Desde hace mucho tiempo se ha hablado de que en México el llamado “bono demográfico” es una palanca importante que puede contribuir al crecimiento de la economía, pues ofrece un gran atractivo para las inversiones.
Se ha denominado “bono demográfico” a un periodo de nuestra historia en el que tendremos la mayor proporción de población en edad productiva.
La tasa de natalidad se ha reducido en las últimas décadas y la proporción de adultos mayores respecto al total todavía no es tan grande como la que tendremos en unas dos o tres décadas.
Sin embargo, para aprovecharlo, se requiere que esa proporción de la población que está en edad productiva tenga un trabajo que le genere un ingreso razonable y estable.
Si no fuera así, si estuviera en la informalidad, con ingresos bajos y una actividad escasamente productiva, estaríamos desperdiciando una oportunidad que no se va a repetir en la historia del país.
La proporción de personas en edad de trabajar alcanzó un pico histórico en la última década.
Entre 2018 y 2023 cayó el peso relativo de la población menor de 15 años (de 25.3% a 22.7%), pero aumentó la de 60 años y más (de 12.3% a 14.7%). La pirámide se está ensanchando en el tramo de 30 a 59 años. El tamaño del reto no está en cuántos mexicanos están en edad productiva, sino en la calidad de los puestos que pueden ocupar.
Hoy la tasa de participación laboral, es decir, la proporción de la población en edad laboral, ronda 59.5% y la informalidad se mantiene obstinadamente en torno de 55% de la fuerza laboral.
Medio país trabaja sin seguridad social, con baja productividad y sin inversión en capacitación. Ese es el verdadero filtro que convierte —o desperdicia— el bono demográfico.
Para activar la “palanca” se requiere una ecuación con tres términos.
1- Empleo formal que incorpore a jóvenes, mujeres y adultos con rezagos educativos;
2- Productividad que provenga de más capital por trabajador (infraestructura, digitalización y maquinaria) y de mejores habilidades (educación técnica y científica pertinente);
3- Certidumbre regulatoria que ajuste las reglas del juego con horizontes de inversión de varios años.
Sin esos tres engranes, la inercia demográfica no se traduce en crecimiento: se diluye en ocupaciones precarias, subempleo y salarios estancados.
La buena noticia es que existen márgenes de maniobra claros. Incorporar a más mujeres al mercado laboral —derribando barreras de cuidados, transporte y seguridad— puede elevar de manera sustantiva el PIB potencial.
La brecha de participación femenina frente al promedio de la OCDE es amplia; cerrarla gradualmente tendría un impacto macroeconómico medible en los próximos años.

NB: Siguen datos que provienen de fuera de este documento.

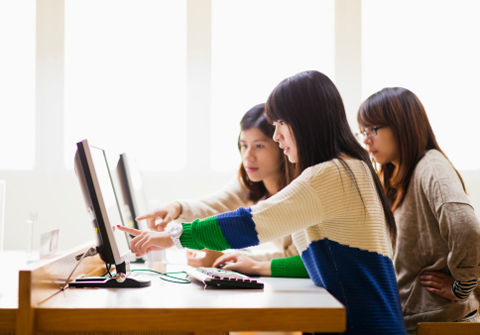 Chương trình học bổng thạc sĩ tại Ireland | học thạc sĩ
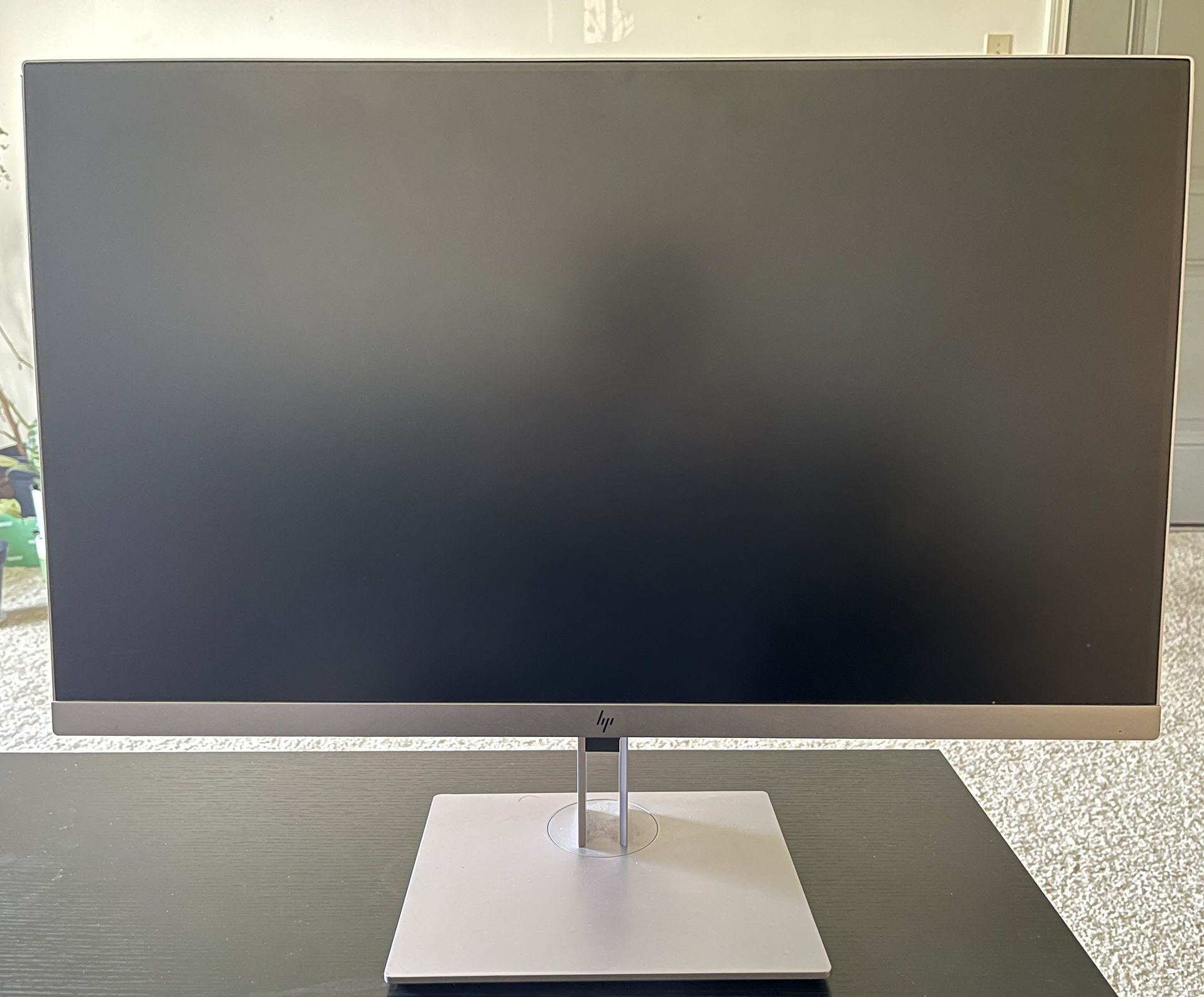 HP Elite Display E273 27” Monitor | HD IPS Screen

En paralelo, hay que reorientar la política educativa y de capacitación: menos currículos enciclopédicos y más competencias medibles; prácticas profesionales con empresas; certificaciones para oficios de alto valor; y un sistema de educación dual que ancle la escuela al taller y a la planta.
El nearshoring y la expansión de servicios basados en conocimiento no se capitalizan si la oferta laboral no domina matemáticas, lectoescritura, inglés y habilidades digitales básicas.
Un trabajador con competencias transversales se mueve más rápido a sectores de mayor productividad; uno sin ellas queda atrapado en la informalidad.
La agenda de formalización no se logrará con inspecciones punitivas, sino con un rediseño de costos y beneficios: simplificación radical de trámites; cuotas de seguridad social proporcionales y crecientes (para micro y pequeñas empresas); facturación fácil y pagos digitales interoperables, entre otros factores.
También se necesita inversión pública estratégica que libere cuellos de botella: puertos secos, aduanas, energía firme y limpia, agua industrial, logística urbana.
Cada peso que reduce tiempos y mermas en transporte o energía se multiplica en productividad. El Estado no sustituye a la empresa; le despeja el camino.
¿Por qué urge? Porque el reloj demográfico ya marcó la hora del cambio. Hacia 2030 habrá proporcionalmente más personas mayores que niños; y para 2050 alrededor de una quinta parte de la población superará los 60 años.
Si no convertimos hoy la demografía en ahorro, capital humano y productividad, mañana nos enfrentaremos a una sociedad más longeva con bases fiscales estrechas: demasiadas pensiones y salud que financiar, y pocos cotizantes formales para sostenerlas.
En suma: el bono demográfico no es un destino, es una ventana que se cierra. Aprovecharla implica mover tres perillas a la vez —empleo formal, productividad y certidumbre— con políticas consistentes durante varios años.
Si fallamos, la misma dinámica que hoy promete crecimiento se tornará una carga: muchos más adultos mayores, menos trabajadores formales y un fisco insuficiente para garantizar ingresos dignos en la vejez.
Todavía estamos a tiempo de elegir entre el dividendo y la factura.